I’m sorry, I don’t have a business post for you today.
I have to be honest, after Monday’s nail-bitingly tense election I’m lucky I’ve been able to function the past few days.
Nail-bitingly tense of course, for those who voted. What a showing for the NDP! What a blow to the Liberals! And the bloc! I didn’t expect to see that in my lifetime.
It was only nail-bitingly tense, of course, for those who voted. A lot of people didn’t, so despite the historic, meteoric rise of a party fighting for the values of you and I, we’re left with a majority government bent on turning us into an American vassal that was selected by 24% of the population. 40% of the country didn’t bother voting at all. That’s a lot of people. You probably know one. So I’d like you to find one of them and say:
Thank you! Thank you for helping us to live in a world where prisons and fighter jets are more important than healthcare and education. Where our parents and grandparents can fear for their financial security. Where women won’t have equality or a forum to talk about it. Where people can keep hoping that those tax breaks for the super rich and giant corporations will really `trickle down` instead of seeing first hand that, given the slightest opportunity, small businesses will create 4x more jobs! Where we can continue to pay high rates of interest and have the worst internet service in the developed world! Where the rest of us can take our rightful second (or third, or fourth) place behind straight, white, Christian males. Thank you for making sure that when we travel to other countries we can be ashamed to claim Canadian citizenship. Where the last gasps of a dying industry are given more importance than the very planet we live on. Where we can keep looking forward to more of the same because the party in power certainly isn’t going to get behind election reform.
I could accept all of this if it was what the majority of us decided. But we didn’t. From an insidious combination of voter apathy and our archaic electoral process we are left again and more thoroughly with a government that does not represent us.

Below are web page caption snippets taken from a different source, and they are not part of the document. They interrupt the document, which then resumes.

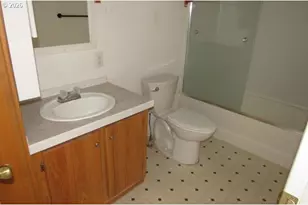 1605 Kristi Loop, Lakeside, OR 97449 - Photo 11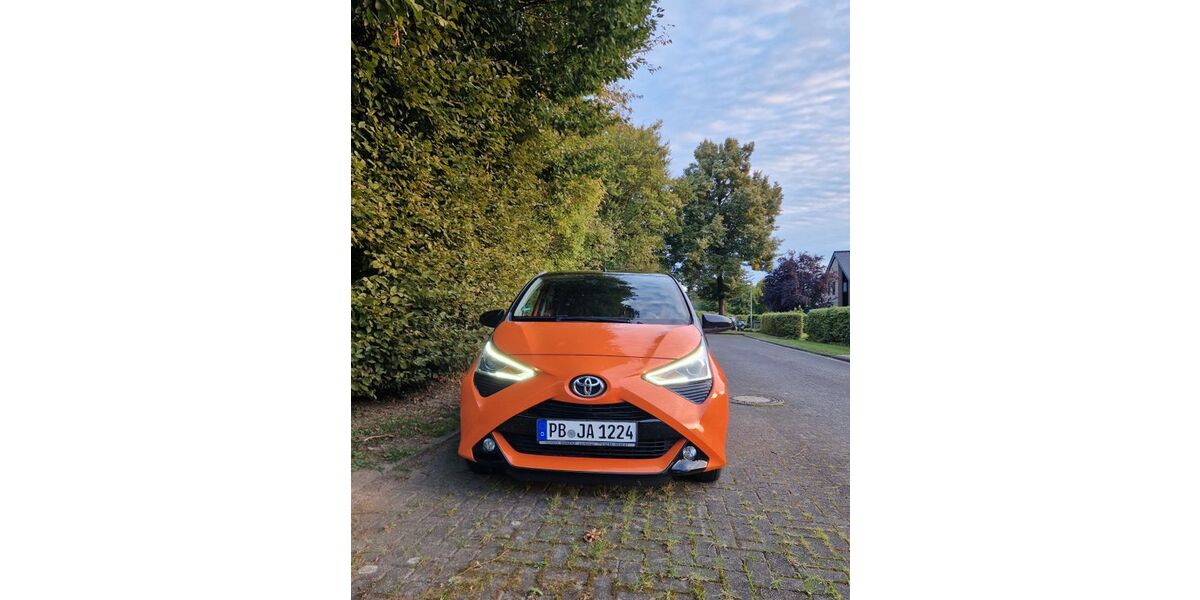Toyota Aygo (X) 52.000 km 9.850 € Altenbeken Schwaney 33184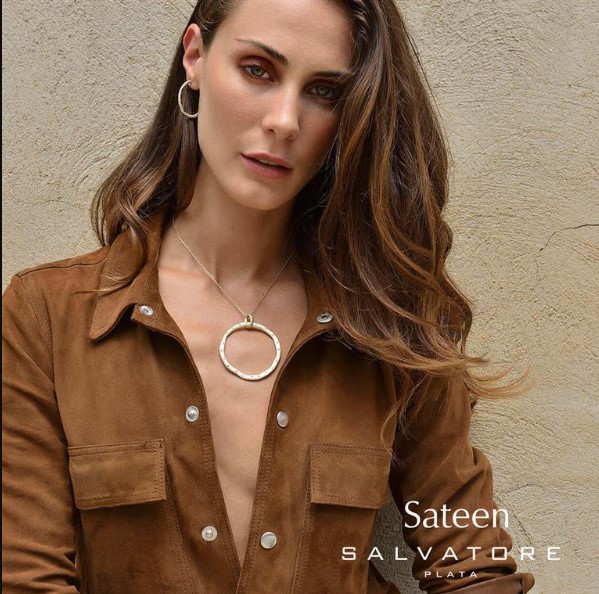 Collar Aro Salvatore, Sateen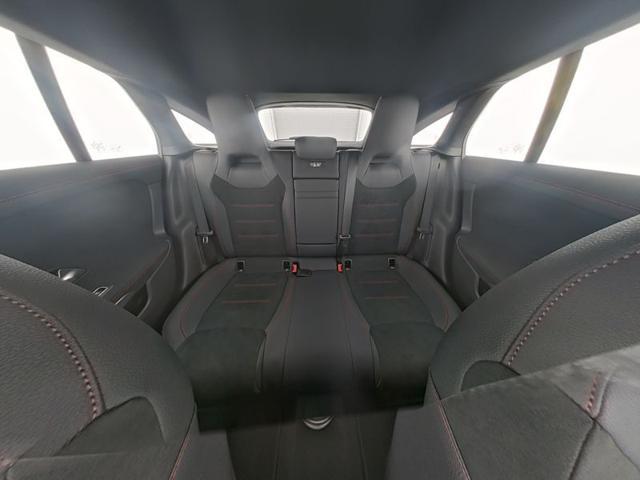MERCEDES-BENZ CLA 200 Automatic Shooting Brake AMG Line Premium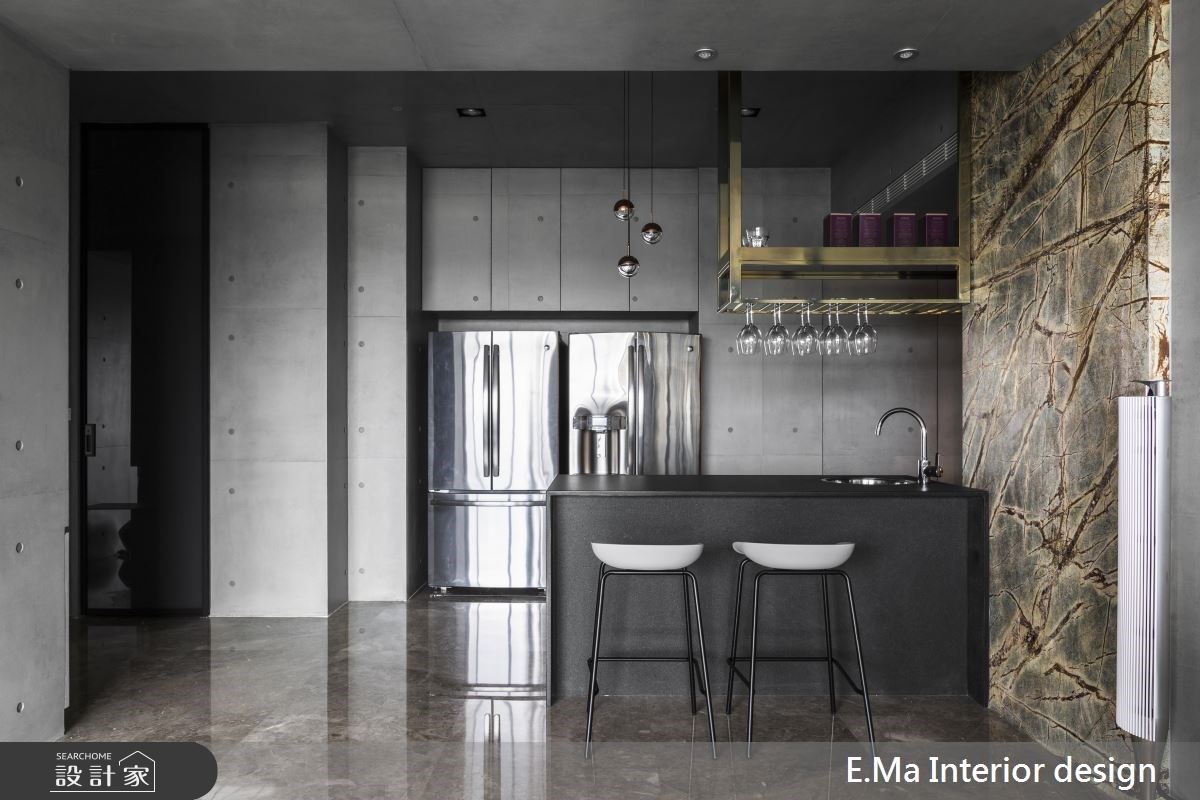 小隱廚房、大顯吧檯，現代俐落的美味空間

A lot of people worked tirelessly so that this wouldn’t happen, and their work wasn’t for nothing. Maybe it will take four years of the `Harper` government to make everyone else realize that what we really need is a government of Canada. That represents all of Canada.
These are some organizations working to make this happen:
www.apathyisboring.com
www.fairvote.ca
www.democracyinaction.org
Check them out, spread the word, and tell every person who didn’t vote just exactly what they agreed to. Silence is assent.
Actually, a conservative majority with a very strong NDP opposition will turn out a lot better than one with a strong Liberal opposition and a weak NDP. the Liberals and the Bloc Quebecois have now pretty-well been decimated, and there is now a green MP. we’ve come a long way, but the long, strange trip isn’t over yet. and 58 out of 75 ridings after never having more than 1 is one hell of a drastic jump.
In the abstract, Laurence is right – a New Democratic Official Opposition will be a more ardent and convincing defender of the progressive opposition than the Liberals were perhaps. What he’s neglecting, however, is that it was precisely the strength of the NDP in Ontario and other parts of the country that split the vote enough to hand Harper his coveted majority in the first place. And a Harper majority, regardless of who is in opposition, is the absolute nightmare scenario that every New Democrat, Liberal, Bloquiste and Green sought to avoid at all costs.
On the slightly “grasping at the thinnest of silver linings” side of things though (and pardon my mixing of metaphors), at least now we have an Official Opposition that believes in electoral reform. While it is doubtful they will make a big issue of it in Parliament (and with a Harper majority, does it even matter anyway?), it has to beat the days of it being a third party argument alone.